Alih-alih memberikan ganti rugi, perusahaan yang beroperasi di wilayah perairan Australia itu dalam website resminya, www.pttep.com, mengutip hasil riset independen bahwa tidak ada minyak dari kilang Montara yang memasuki wilayah daratan RI dan Australia. Bahkan dalam rilis yang sama, PTTEP mengklaim tumpahan minyak hanya memberikan dampak kecil atau bahkan tidak ada sama sekali pada ekosistem atau spesies laut di perairan Timor.
Tidak ingin kasus ini lepas begitu saja, kini pemerintah sedang menyusun amunisi untuk kembali mengangkat kasus itu.
“Ini berhubungan dengan kedaulatan RI dan nasib rakyat kecil yang menggantungkan hidupnya di sektor kelautan. Maka, kita harus lawan dengan cara yang lebih terencana,” tegas Basilio.

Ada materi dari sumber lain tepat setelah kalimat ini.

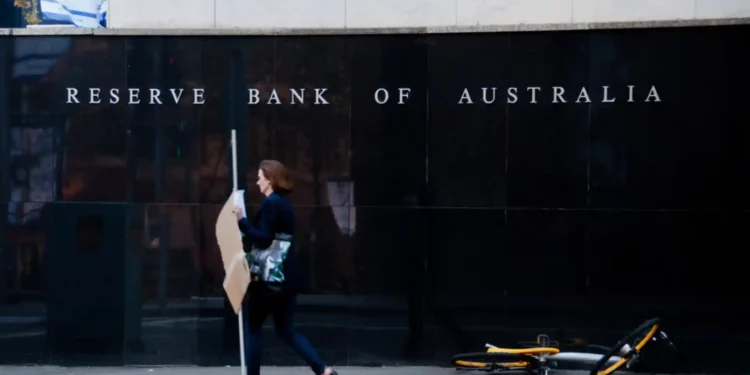 RBA Reveals Plan to Maintain Cash Rate at 4.35% to Combat Inflation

Untuk itu, pemerintah kembali mengumpulkan bukti dan mengundang sekitar 50 ahli untuk mendukung langkah tersebut.
JPN yang hadir dalam rapat itu juga sepakat untuk teliti dan tidak gegabah dalam mempersiapkan materi gugatan. JPN akan menggunakan UU No 32/2009 tentang Perlindungan dan Pengelolaan Lingkungan Hidup sebagai dasar gugatan.
“Kami tidak ingin mempersiapkan gugatan yang asal-asalan,” kata Robert Zega, anggota tim JPN yang hadir dalam rapat itu.

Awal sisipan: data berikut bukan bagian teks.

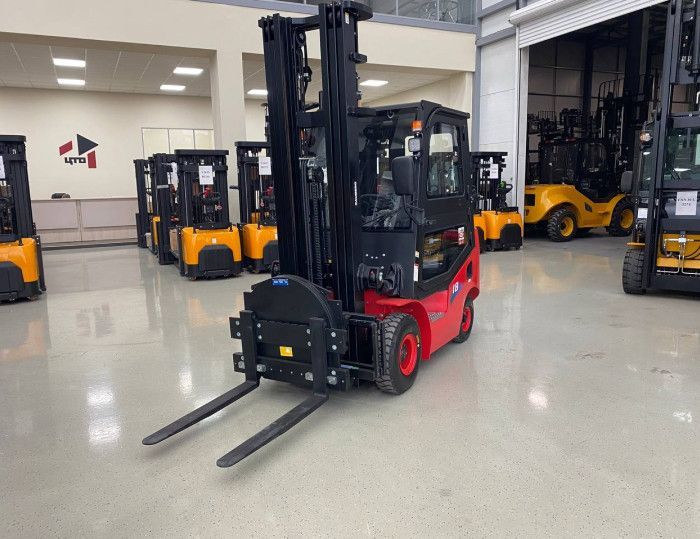 Дизельный вилочный погрузчик ZAUBERG DB18 X #1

Rapat yang digelar secara maraton sejak Februari itu akan kembali diteruskan dengan peninjauan lapangan ke Kupang oleh tim nasional dari Kemenkomar, JPN, KLHK, KKP, dan ahli sekitar 20 Maret.
Tidak hanya pemerintah RI, pada 2016, 13.000 petani rumput laut NTT yang diwakili oleh pengacara dari Firma Hukum Maurice Blackburn mengajukan gugatan class action ke pengadilan federal di Australia. Mereka mengajukan gugatan atas pencemaran laut yang menghancurkan rumput laut milik petani, mengurangi hasil tangkapan nelayan, dan dan berdampak buruk terhadap kesehatan warga di NTT. Gugatan itu dikabulkan oleh majelis hakim lima bulan kemudian.